La rabbia di sindacati e Confindustria per le ultime modifiche al protocollo

da Roma

Rinnegare l’accordo con la sinistra radicale oppure stracciare il protocollo siglato con Cgil, Cisl Uil e Confindustria. Sono queste le possibilità rimaste al premier Romano Prodi, dopo il «no» pronunciato da sindacati e imprenditori, entrambi infuriati per le modifiche introdotte alla Camera al disegno di legge sul Welfare. Una coperta troppo corta che ieri ha lasciato al freddo la sinistra radicale. Il capogruppo al Senato di Rifondazione comunista Russo Spena ha assicurato che non farà cadere il governo, ma ha anche avvertito: «D’ora in poi anche noi ci sentiremo più liberi». Svincolati dal governo come i liberaldemocratici di Lamberto Dini, che si rifiutano di votare la legge uscita da Montecitorio. Nel mezzo resta il Partito democratico il cui segretario Walter Veltroni è tornato a chiedere un «punto di equilibrio».
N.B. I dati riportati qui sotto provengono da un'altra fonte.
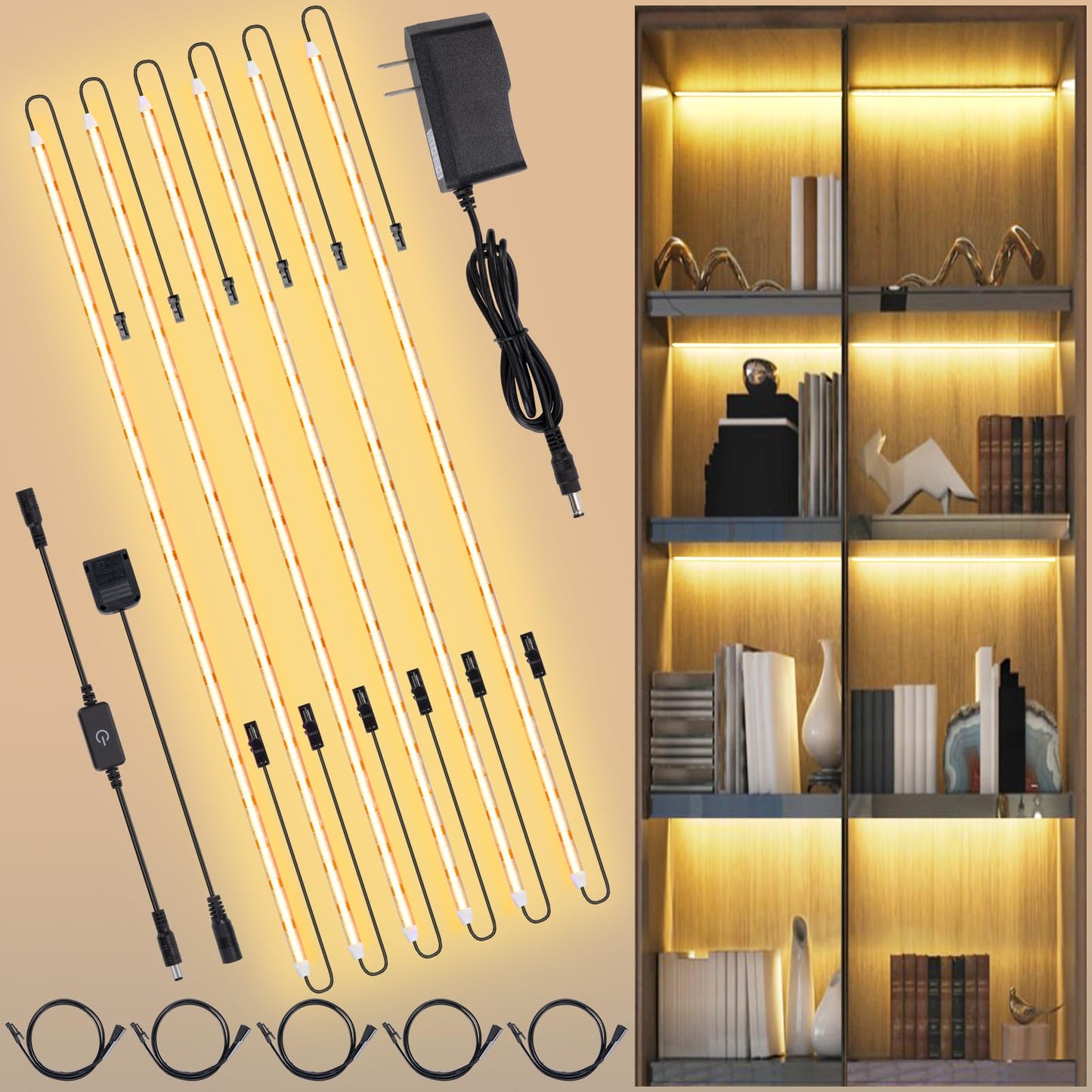 JUSJUBR Shelf Lights, 6 PCS 20 Inch Dimmable Flexible COB LED Light Strips, Warm White 3000K, LED Under Cabinet Lights for Display Case, Bookshelf, Kitchen, Wardrobe and Closet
Nel merito si tratterebbe di eliminare le costosissime modifiche alla riforma previdenziale e concedere a Prc e Pdci la cancellazione dello staff leasing. Sindacati permettendo. E sempre che alla sinistra basti. Perché, ha avvertito ieri Gennaro Migliore del Prc, «per noi il compromesso è quello votato dalla Camera».